Trust hails Highland councillors’ stand in defence of wild land
Planning committee objects to two controversial wind farm proposals while officials block another.
The John Muir Trust has welcomed the decision by Highland Council’s North Planning Committee to raise official objections against two large scale wind farm proposals that would disrupt wildlife and disfigure scenic landscapes in the Northern Highlands
During the debate, councillors voiced concern that the developments would have a detrimental impact on the landscape, on tourism and on sensitive peatlands.
Scottish and Southern Energy (SSE) have submitted a proposal for a 27-turbine wind farm at Dalnessie, 13km north of Lairg in Sutherland, while the Washington DC based AES Corporation have plans to erect a 34-turbine development at Glenmorie, 10km south of Bonar Bridge in Easter Ross.

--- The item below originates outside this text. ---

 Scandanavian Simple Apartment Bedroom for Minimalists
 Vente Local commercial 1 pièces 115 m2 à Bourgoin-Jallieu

Dalnessie is an important habitat for the rare and vulnerable black-throated diver population, while the Glenmorie development would be visible from the designated National Scenic Area around the Dornoch Firth, and from the slopes of Ben Wyvis, which is a Special Landscape Area.
Because the North Planning Committee is a statutory consultee, the decision means that the proposals will now have to face public inquiries.
The drive by energy corportaions to industrialise parts of the Highlands was dealt a further blow on the same day (February 12) when planning officials announced they would be using their delegated to powers to block a further development at Clach Liath on the shoulder of Ben Wyvis.
With the Scottish Highlands fast becoming the focus of a new goldrush by energy corporations, the John Muir Trust has applauded this triple rebuff as a potential turning point in the battle to prevent the exploitation of scenic wild lands across the Highlands for profit.
Fraser Wallace, Policy Officer for the Trust said: “We warmly welcome this decision by local councillors and planners to stand up to the exploitation of wild landscapes and natural habitats. Wild land needs protection from commercial vandalism – for its own sake and for the sake of tourism which generates 14 per cent of all jobs in the Highlands.
“There is now a groundswell of opposition to the industrialisation of wild Highland landscapes, embracing a broad spectrum of residents, communities, businesses, conservationists, the outdoors community and local politicians."